> _Problem details_
Return the listing verbatim, images left out.

> _Provided data_

++++

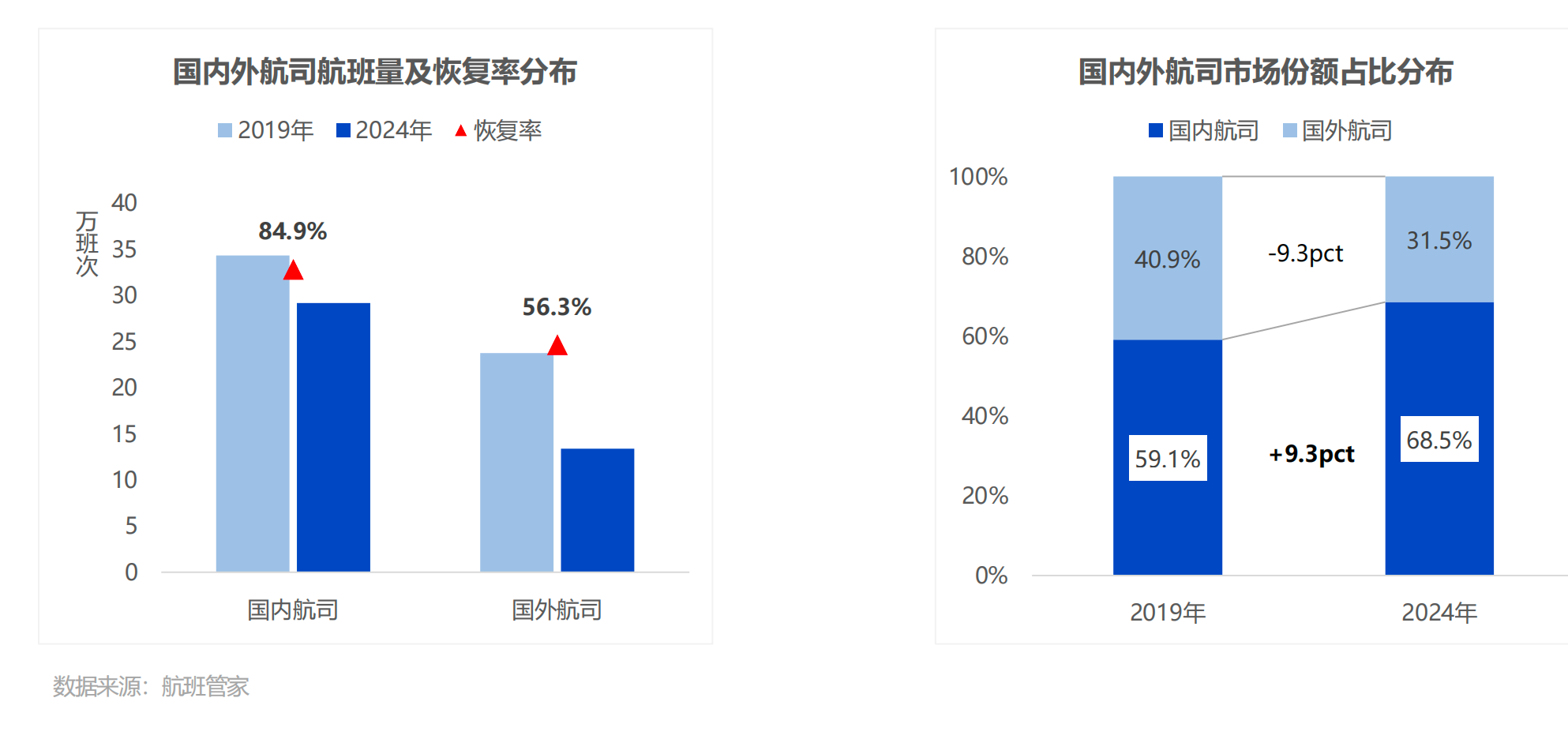 北欧航空下月停飞中国航线，有哪些影响？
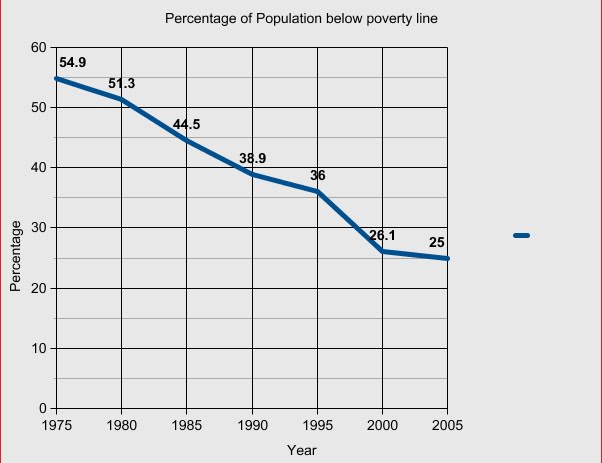 [poverty.bmp]
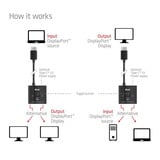 Club 3D DisplayPort 2-in-1 Bidirectional 8K Switch, Switch de DisplayPort Noir, 2x DisplayPort 1.4, 8K60Hz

++++

> _Completed task_
 北欧航空下月停飞中国航线，有哪些影响？
 [poverty.bmp]
 Club 3D DisplayPort 2-in-1 Bidirectional 8K Switch, Switch de DisplayPort Noir, 2x DisplayPort 1.4, 8K60Hz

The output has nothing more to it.